To overcome such limitations, active research is underway on metalenses based on meta-optics that can be applied to image sensors.

SUMMARY

Various embodiments of the disclosed technology relate to an image sensing device capable of ameliorating degradation of quantum efficiency (QE) due to oblique incident light.

In an embodiment of the disclosed technology, an image sensing device may include a semiconductor substrate including photoelectric conversion elements configured to generate photocharges by converting incident light; and a metalens layer disposed over the semiconductor substrate, and configured to separate incident light into light components of different colors based on wavelength and to converge the separated light components onto corresponding photoelectric conversion elements. The metalens layer may include: a first metalens layer including first nano-structures and a first air layer disposed between the first nano-structures; a second metalens layer including second nano-structures and a second air layer disposed between the second nano-structures, wherein at least a portion of each of the second nano-structures is disposed on a corresponding first nano structure of the first nano structures; and a support layer disposed over the first air layer in a space between adjacent first nano-structures of the first nano-structures.

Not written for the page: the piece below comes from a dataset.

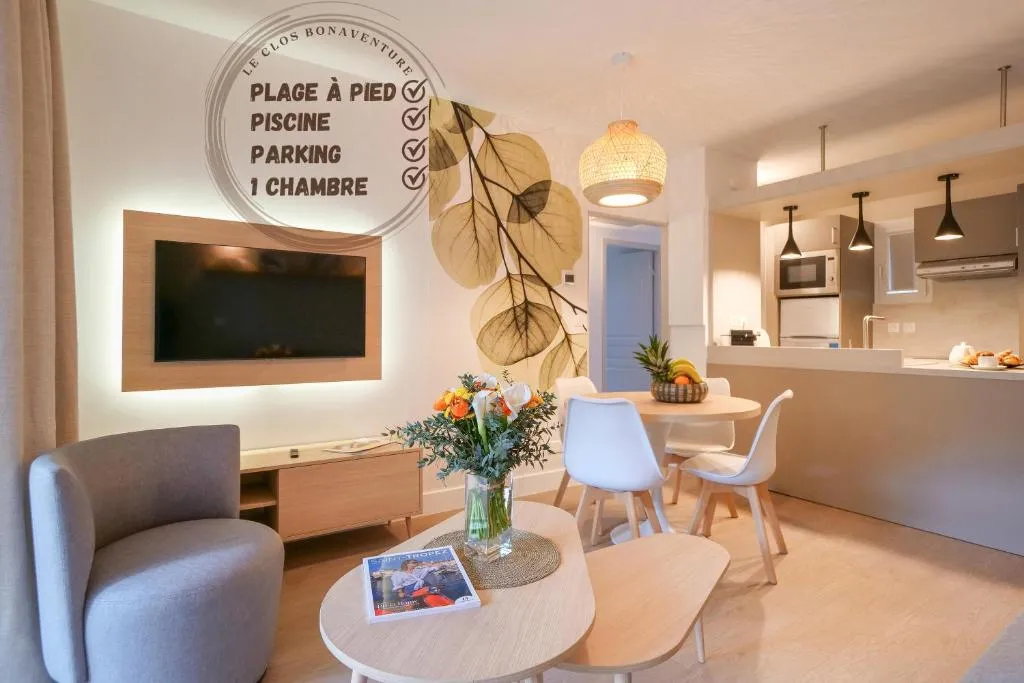 Image of Brise Marine piscine St Tropez II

In another embodiment of the disclosed technology, an image sensing device may include a semiconductor substrate including photoelectric conversion elements configured to generate photocharges by converting incident light; a plurality of first nano-structures disposed over the semiconductor substrate; a first air layer disposed between adjacent first nano-structures of the plurality of first nano-structures; a support layer disposed between the first nano-structures such that at least a portion of the adjacent first nano-structures are exposed; a plurality of second nano-structures disposed over the first nano-structures; and a second air layer disposed between the second nano-structures.

It is to be understood that both the foregoing general description and the following detailed description of the disclosed technology are illustrative and explanatory and are intended to provide further explanation of the disclosure as claimed.

BRIEF DESCRIPTION OF THE DRAWINGS

The above and other features and beneficial aspects of the disclosed technology will become readily apparent with reference to the following detailed description when considered in conjunction with the accompanying drawings.

FIG. 1 is a block diagram illustrating an example of an image sensing device based on some embodiments of the disclosed technology.

FIG. 2 is a schematic diagram illustrating an example structure of a metalens layer formed in a central portion of a pixel region shown in FIG. 1 based on some embodiments of the disclosed technology.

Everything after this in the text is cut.